Optical microresonator arrays of fluorescence-switchable diarylethenes with unreplicable spectral fingerprints

Abstract

High-security identification requires authentication that is hard to counterfeit and replicate. For anti-counterfeiting data storage and rewritable memory devices, chromic materials are adoptable, where the dichromatic colours can be switched by external stimuli. If further individual information is embedded in each pixel, a much higher-level security system beyond the zero/one data array will be realized. For this purpose, a fine whispering gallery mode (WGM) fingerprint pattern from a microresonator is applicable. Here we propose that photoswitchable optical microresonators made of a fluorescent photochromic organic material function as anti-counterfeiting, rewritable optical memories. The WGM photoluminescence of the resultant microspheres can be switched on and off repeatedly by irradiation with ultraviolet and visible light.

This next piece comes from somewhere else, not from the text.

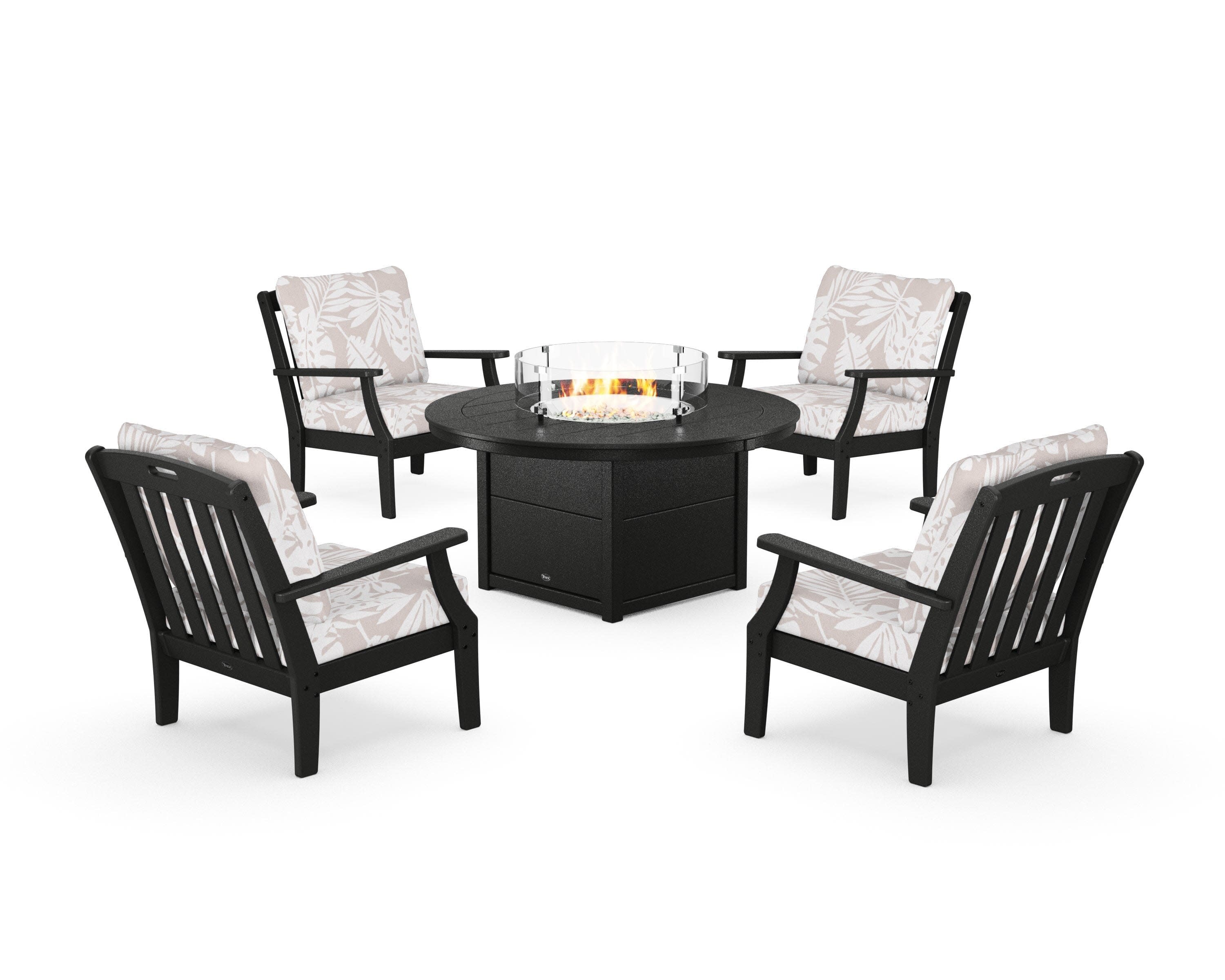 Yacht Club 5-Piece Deep Seating Set with Round Fire Pit Table in Charcoal Black / Leaf Dune Burlap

The shape of the micro-resonator varies from a sphere to an oblate ellipsoid and hemisphere, depending on the self-assembly process, and the WGM spectral pattern depends sensitively on the morphology of the resonators. Furthermore, surface self-assembly on a hydrophobic/hydrophilic micropatterned substrate affords a highly integrated array of microresonators as dense as millions of pixels per square centimetre. The spectral fingerprints of all pixels are different from one another; therefore, the photoswitchable microarrays are applicable as an ultimate anti-counterfeiting system which is hard to replicate.